Establecer una relación directa entre las dos cosas está sujeta a cada generación. Y la que estaba sentada en la Quinta estaba muerta de la risa con la rutina de archivo de Dino Gordillo. Después de que María Luisa Godoy le dijo “hasta siempre”, el humorista interrumpió con un “no, no me voy a ir”. La lectura inicial fue que quería que le dieran la gaviota, pero al final barrió con todo pronóstico: llamó al escenario a Patricia, su pareja e inspiración de chistes, para pedirle matrimonio. Después de televisar tantos “quieres casarte conmigo” en las noches de música romántica, Viña tenía que padecer una en su propio escenario.
Mientras un tercio desaparecía del anfiteatro, el resto contempló el tropiezo de Chile en la competencia internacional. El “Por algo fue” de Neven Ilic dejó con gusto a poco y el público lo condenó con un 3,8. El jurado —con algunas notas incógnitas de sus integrantes— le otorgó un 6,2 y el artista reaccionó con el alivio propio de un estudiante de derecho que finaliza su examen de grado.

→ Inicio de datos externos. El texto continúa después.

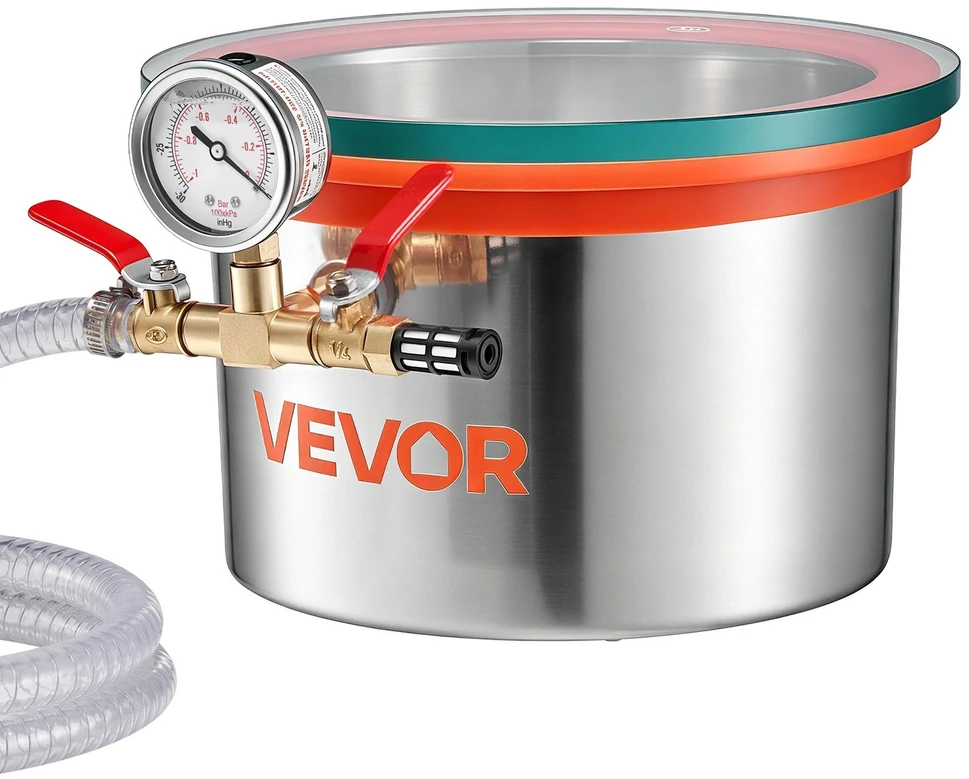VEVOR 5,7 l vakuuminė kamera su grūdinio stiklo dangčiu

La encargada de cerrar la noche digna de la Feria del Disco fue Yuri. La mexicana abrió su show con un video futurista con el que podría presentarse a un casting para ser la versión madura de Lady Gaga. Apareció en el escenario con un cuerpo de bailarines vestidos a lo Corazones Service cantando “Este amor ya no se toca”, con el fin de capear la helada propia de la noche viñamarina. El monstruo podría estar muerto de frío y sueño, pero no podía quedar indiferente ante el cambio de vestuario de la protagonista detrás de abanicos de plumas negras.

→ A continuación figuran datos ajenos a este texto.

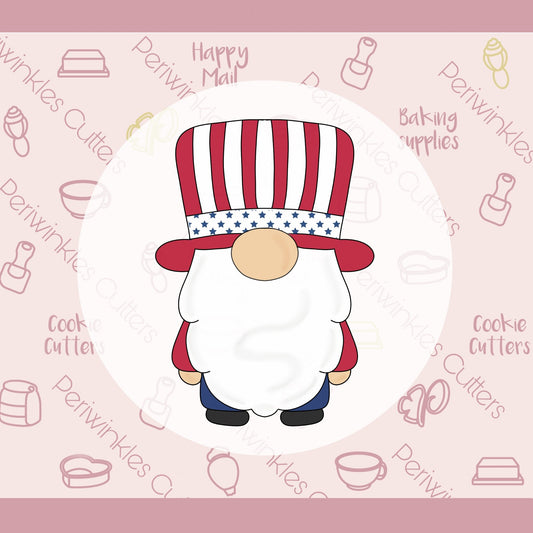 Gnome Uncle Sam Cookie Cutter - Periwinkles Cutters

La cantante echó guante a su porcentaje chileno y soltó un “guachito rico” al recordar a Ricky Martin. En la mitad de su show, su compatriota Carlos Rivera —o “la voz de Coco” para quienes aún no lo conocen, aunque deberían hacerlo— se subió al escenario para cantar “Ya no vives en mí”. En el diálogo previo, Yuri dijo “ya no puedo apapacharlo porque si no me rompen el hocico”, lo que abre la posibilidad de un programa en el que comparta set con Fran García-Huidobro. Tras repasar sus grandes éxitos y cantarle al amor como muchos de su generación, Yuri cerró la jornada con una versión de “Chileno de corazón” y el jurado la bailó con ganas, a excepción de (irónicamente) Luka Tudor.
La fiesta terminó a las 3:25 y la sensación que quedó en el aire es la definición perfecta de la sociedad chilena. Pueden pasar 20 años y todo sigue igual, sobre todo para las mujeres. La diferencia es que hay internet, redes sociales en las que cualquiera puede quejarse y decir lo que se le da la gana, Chile es el campeón vigente de la Copa América y Eduardo Frei ya no vive arriba de un avión.